Economist James K. Galbraith warns that ‘unrealistic expectations’ by Athens’ creditors is a recipe for turmoil.
A breakdown in negotiations may be the best outcome of Monday’s Eurozone finance ministers’ meeting on debt relief for Greece, warns INET grantee and University of Texas economist James K. Galbraith. That’s because, he believes, Greece’s debtors continue to demand unsustainable austerity measures as the price for bailout funds — measures the Greek government will, sooner or later, be forced to halt.
“A breakdown of the [Brussels] discussion would be the best outcome,” Galbraith says. “That would move some of the creditors a little bit more towards reality, perhaps. There’s no point in making more concessions to them. They just keep on asking for more. There’s no way to satisfy these people. They’re engaged in a land grab. They have a strategy to achieve that, but the time of reckoning will come sooner or later.”
The Brussels meeting follows a day of dramatic protests by thousands of citizens in Athens and Thessaloniki on Sunday, as Greece’s parliament passed a controversial new round of pension and tax reforms demanded by creditors.Monday’s meeting is the first in six years to focus on the issue of debt relief measures, which may be necessary to avoid a Greek default in July, when the country’s next major repayment to the International Monetary Fund (IMF) and the European Central Bank comes due. Jeroen Dijsselbloem, the head of the Eurogroup of finance ministers, has expressed hope that a deal can be reached later this month. And Greek Prime Minister Alexis Tsipras has said that the Brussels meeting is critical to achieving debt relief and breaking a vicious economic cycle.
But the creditors are divided on the issue, with the IMF favoring debt relief, while Germany leads opposition. Galbraith expects the IMF to capitulate. “The IMF is making noises,” he says, “but they are not going to have the cojones to stand up to the Germans.”

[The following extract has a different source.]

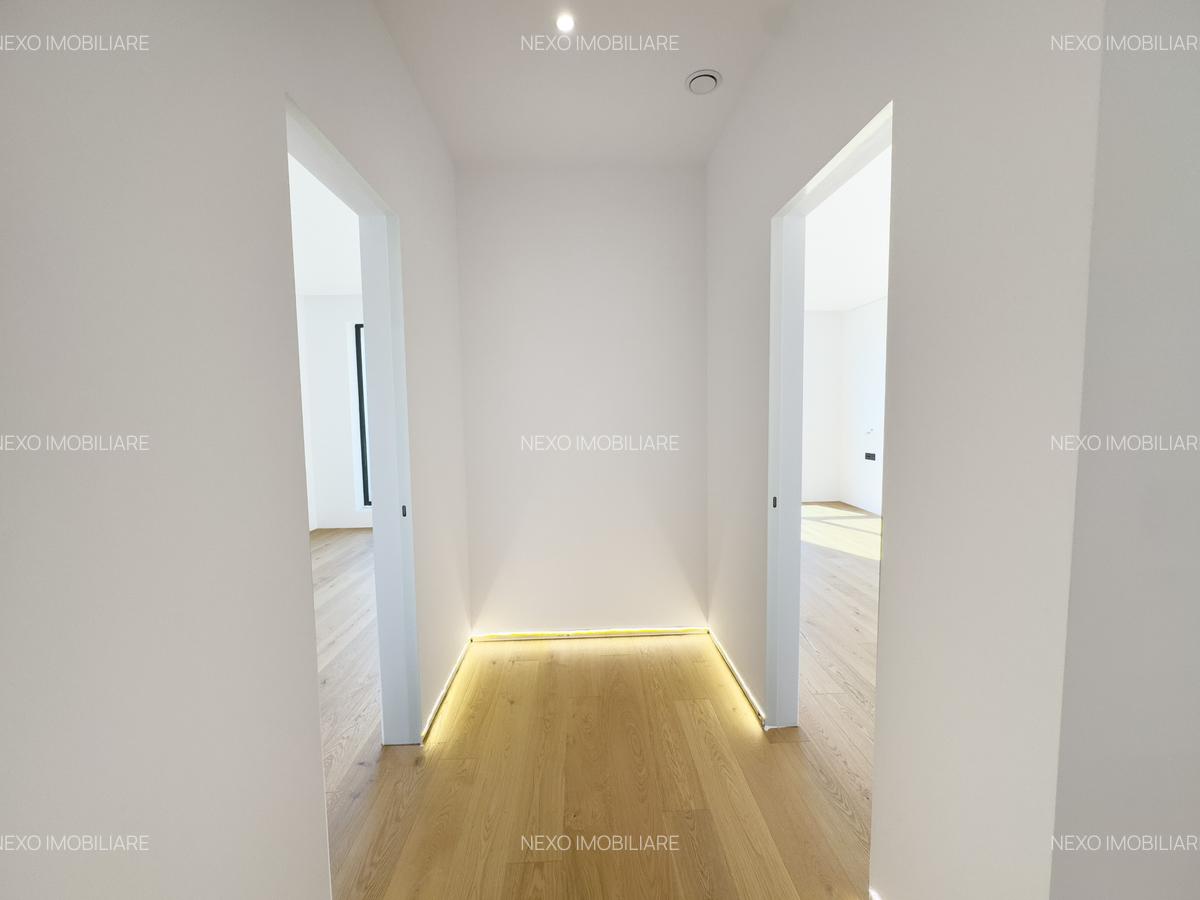 NEXO Nature, zona Pipera, București - 25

Galbraith, author of The End of Normal and professor at the Lyndon B. Johnson School of Public Affairs at the University of Texas at Austin, has been a close observer of the Greek crisis. His forthcoming book, Welcome to the Poisoned Chalice: The Destruction of Greece and the Future of Europe, will be published in June by Yale University Press. He discusses what is at stake and whether any chance of debt relief exists in the current climate. He believes that on the current path, a Greek default is inevitable, and with it a halt to unsustainable austerity measures.
To the extent that the government pursues the current policy, social instability is likely to escalate.
“There will be more resistance,” Galbraith warns. “It’s the only sensible thing. The Greek people are being maneuvered into a position where they cannot pay their mortgages and they are being dispossessed from their homes. For what? For debts that were incurred under previous governments for completely useless things where the benefits went to German construction companies and French arms firms. The notion that this debt should be paid is absurd.”
New research confirms that the vast majority of the bailout funds Greece is receiving are, in fact, being paid to existing creditors, with less than 5% going to Athens’ fiscal budget. Similar conclusions were reached in Pablo Garcia Bortz Institute working paper “The Greek “Rescue: Where Did the Money Go?”
Galbraith believes that the capitulation to the creditors’ terms in July 2015 by Tsipras, despite having been elected on a wave of anti-austerity protest, reduced Greece to a colony. “From that point forward, all policy has been dictated by the outside and the government is simply a colonial administration, nothing else.”
He does not foresee a change of course from Greece’s creditors. For that, he says, “There would have to be a general uprising through the south of Europe.”